Need we go on? I don't and won't, but you will need to if you find yourself sitting at the Minetta Lane Theatre. 110 minutes-worth, with no intermission and -- given the layout of the auditorium -- no easy egress. This is Caryl Churchill, as progressive theatergoers might have guessed. Love and Information is her new play, which opened at the Royal Court in September 2012 and is being presented here with an American cast but the same director (James Macdonald), scenic designer (Miriam Buether) and sound designer (Christopher Shutt). This is an off-site production of the New York Theatre Workshop, presumably due to stage-space considerations.

Churchill has her vehement fans, and I expect they will look at this episodic ramble and proclaim it a masterpiece (or, more precisely, another masterpiece). They are absolutely right, I guess, from their perspective. Churchill is making her points on love and information -- both together and separate -- in our society. She does so in a succession of 50 quick sketches, mostly in the one-to-two minute range although there are some one-liners that flit by in 15 seconds. The great merit of 50, lightning quick episodes -- in this case, anyway -- is no matter how disinterested you might be in one, there's always something else coming along immediately.

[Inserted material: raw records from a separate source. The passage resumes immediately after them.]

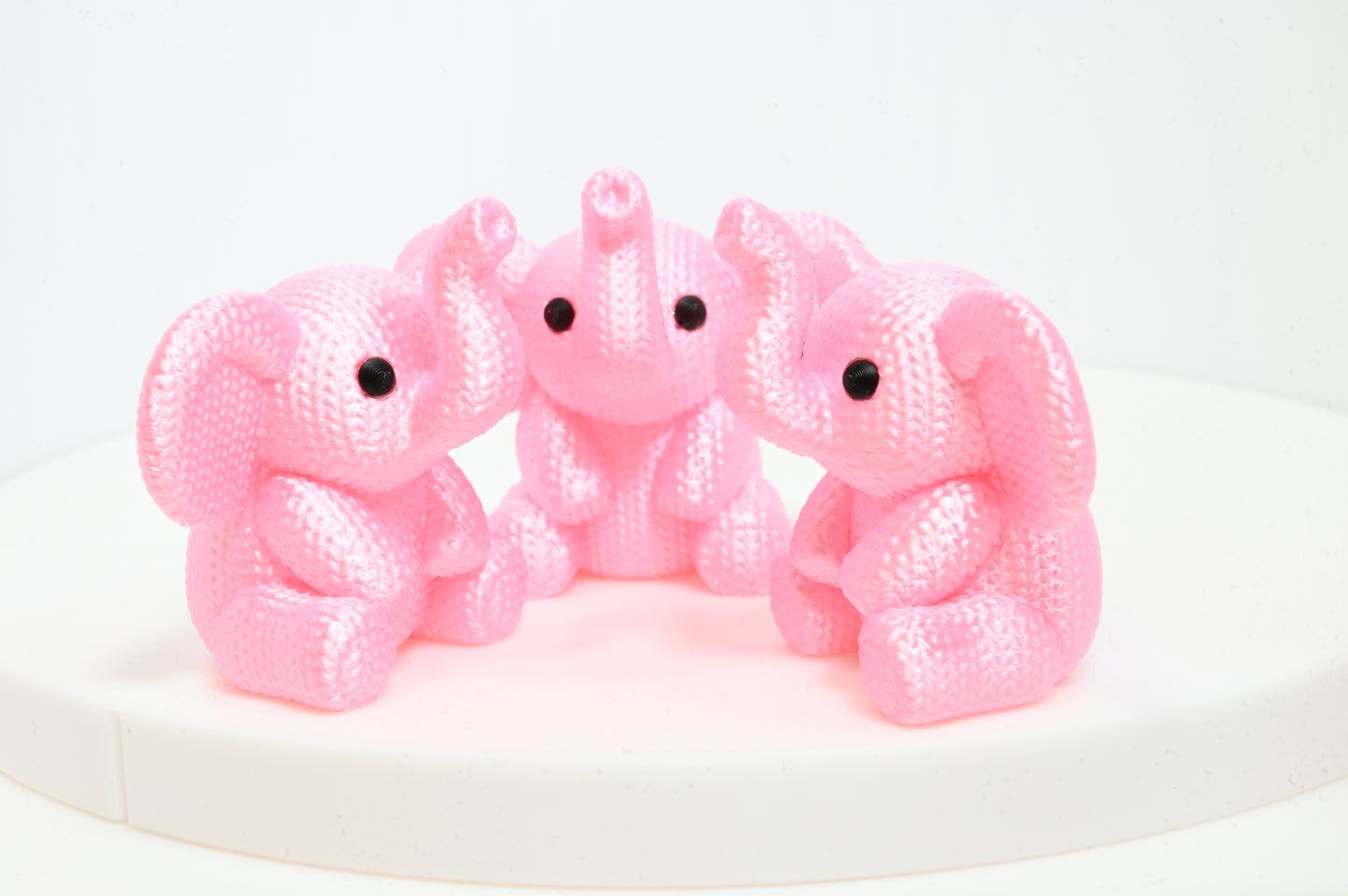 Super cute knitted style elephant with trunk in the air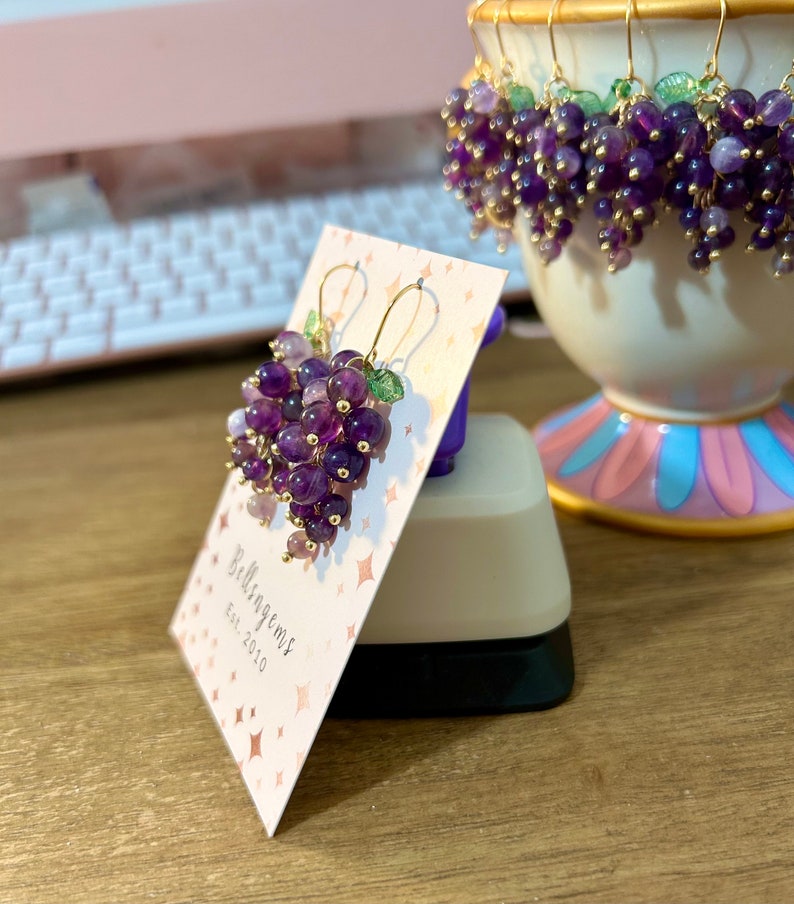 May include: A pair of amethyst grape earrings with gold wire and green leaves. The earrings are displayed on a white card with the text "Bellisagems Est. 2010".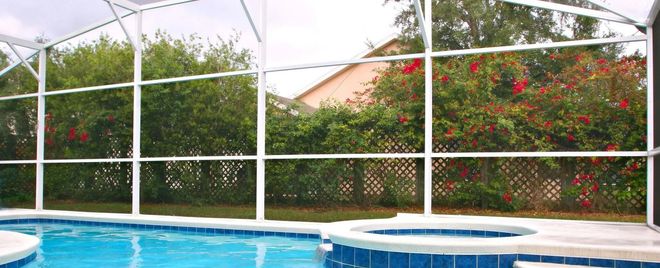 A screened-in pool area with a turquoise pool, spa, and lush green and red foliage.
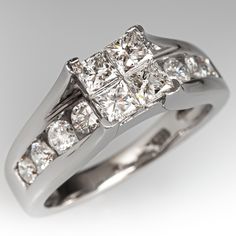 a white gold ring with three princess cut diamonds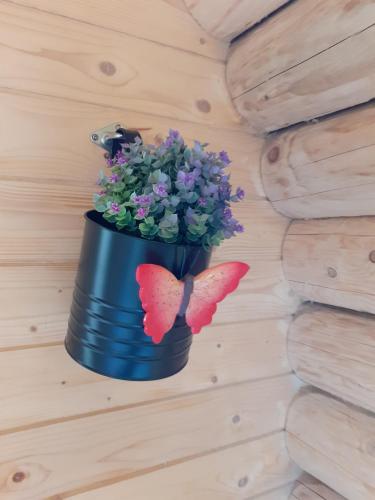 un pot bleu avec des fleurs et deux papillons sur un mur dans l'établissement sheepinn hoekje, à Tielt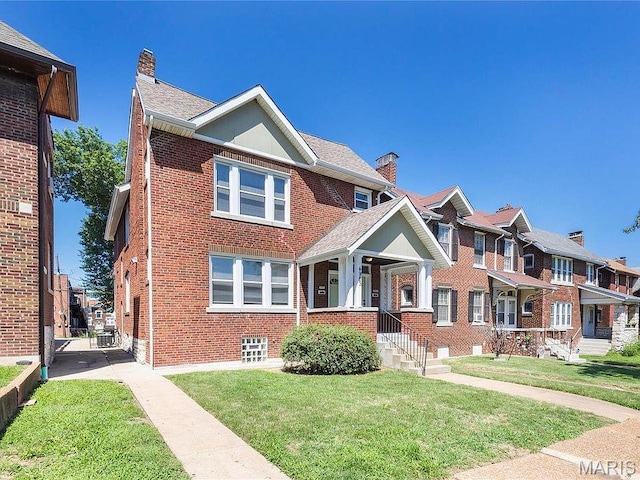 4983 Chippewa St, Saint Louis, MO 63109 - view of property with a chimney, brick siding, a front yard, and a residential view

Some do, clearly, address the subject of love; others discuss information, although any discourse whatsoever can be seen as information, can't it? Others -- like the one with the man in a paisley dress and go-go girl wig who dances while a dumpy woman in nebbishy clothes looks on until her mustache starts to detach -- don't seem to fit the theme, exactly. Quite a few address mental illness and/or technology. One suspects that the playwright intends the data presented in this patchwork to build as the play progresses, allowing the observer to piece things together and reach their own individual "ah ha!" moment. This is likely to be the case for some audience members, and more power to them. But not for me.

It is difficult to assess the performers, as there is no character listing and nothing connecting the actors from sketch to sketch. You don't even realize how many there are until the last scene -- a two-person scene, actually -- in which 15 Equity members are crowded onto the small stage. A few are allowed to stand out: stage veteran Maria Tucci, who has a very good scene folding clothing of perhaps a deceased spouse; Noah Galvin, as a teenager whose older sister tells him that he is her son (the sister/mother is good, too, but I have no means of identifying her); Lucas Caleb Rooney, as a man who is terrified by and unable to remember his wife (the wife is good, too, but I have no means of identifying her); and Jennifer Ikeda, who is especially enjoyable in the final scene.

The star of the show, though, is probably the stage manager. The set remains the same, but there are myriad props and pieces of furniture that need to placed and struck over and over and over again. They also need to have the right actors in the right place in the right costumes at the right moment. At the preview attended, this was handily done without a hitch or a moment's pause. The program credits Christine Catti and her assistant Alison DeSantis as stage managers, and there were times during Love and Information when I'd rather have been watching from the wings.

The final scene -- which is one of the longest -- presents a woman being drilled for some type of high-stakes trivia contest (either high school or television, it seems). She answers far-ranging questions, visibly struggling but always coming through. (Q: What is the formula that disproves Godels' theorem? A: X bracket a over t minus pi sigma close bracket to the power of 10 minus n to the power of minus one squared.) Her partner, in the midst of these tense questions, asks do you love me? This is the hardest question of all, and that's the whole play right there in a nutshell. Churchill makes us sit for 108 minutes, though, until she gets to it.